• [WORK ORDER]: Among the entries below, find the line with "E&C Metallgehäuse Obere" and the line with "Framed Bridgestone Arena, Nashville, Tennessee". Return exactly those lines and every line between them, but no pictures.

• [INPUT RECORDS]:
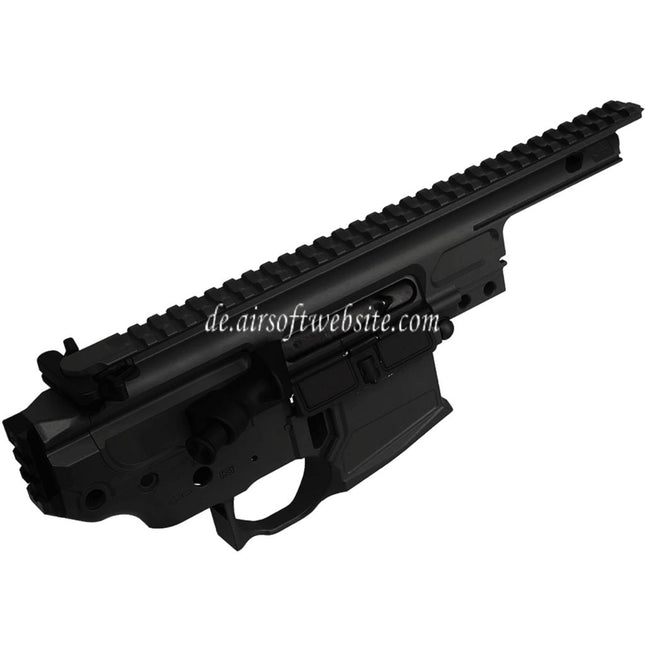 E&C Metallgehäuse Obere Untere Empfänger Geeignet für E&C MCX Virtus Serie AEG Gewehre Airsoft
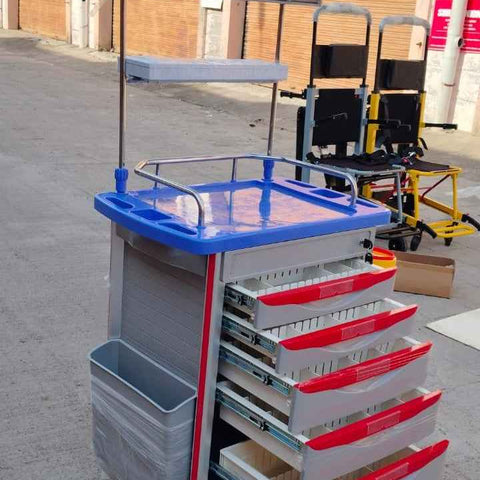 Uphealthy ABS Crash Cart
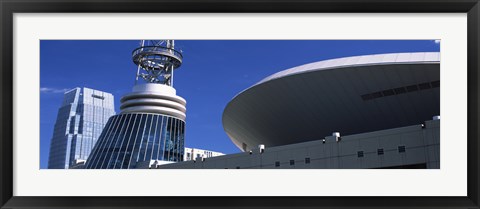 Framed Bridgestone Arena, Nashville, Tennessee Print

* * *

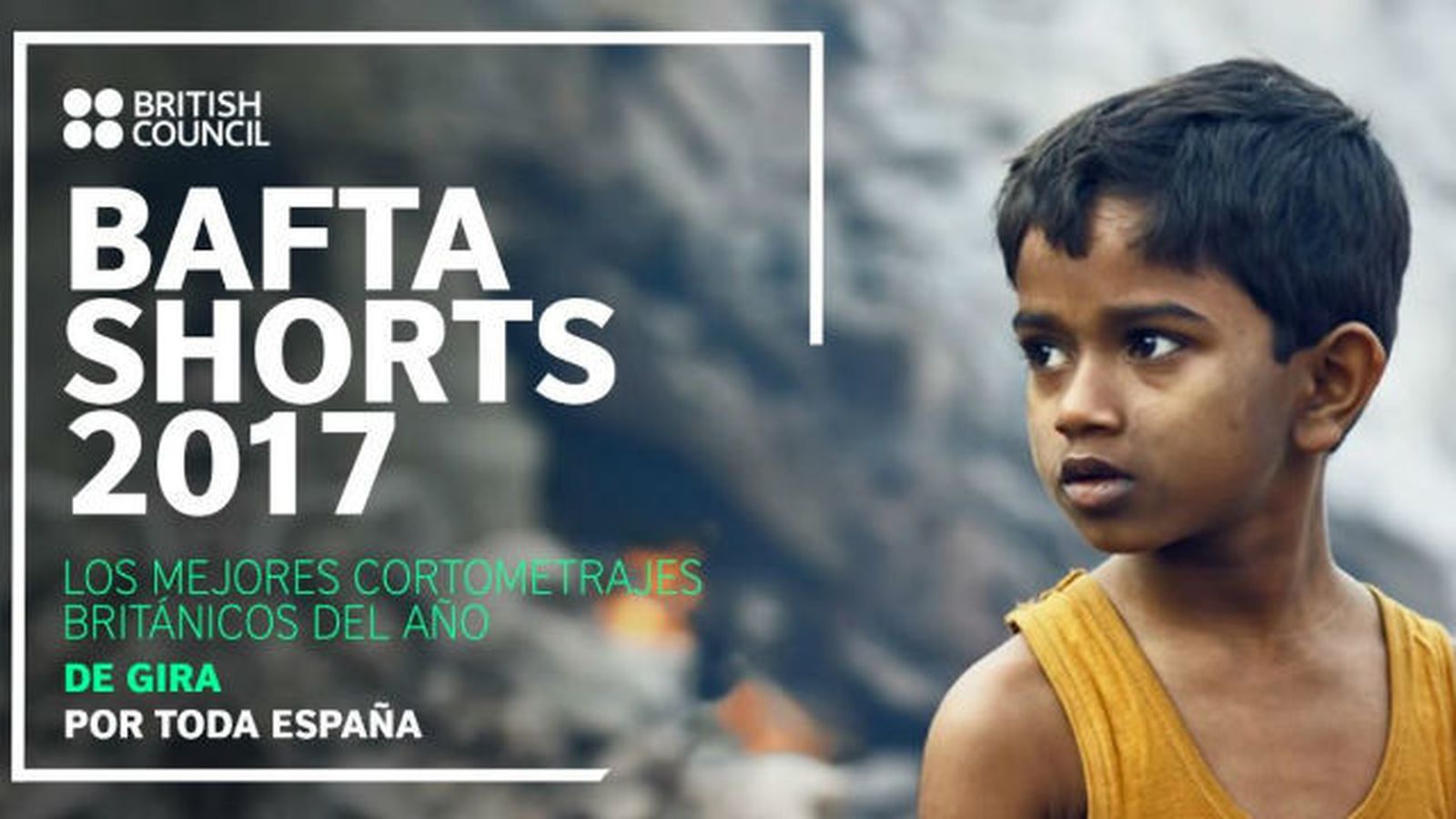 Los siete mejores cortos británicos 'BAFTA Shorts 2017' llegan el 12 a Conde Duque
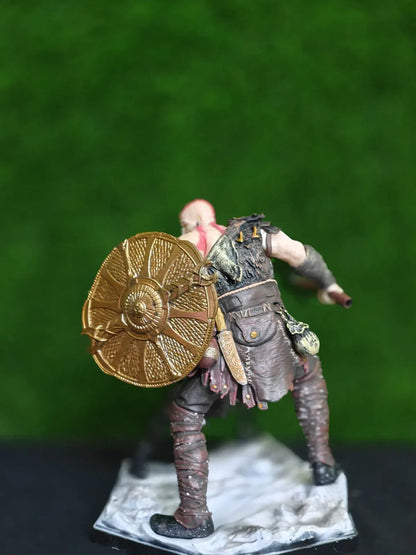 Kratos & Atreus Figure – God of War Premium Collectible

• [TASK RESULT]:
 E&C Metallgehäuse Obere Untere Empfänger Geeignet für E&C MCX Virtus Serie AEG Gewehre Airsoft
 Uphealthy ABS Crash Cart
 Framed Bridgestone Arena, Nashville, Tennessee Print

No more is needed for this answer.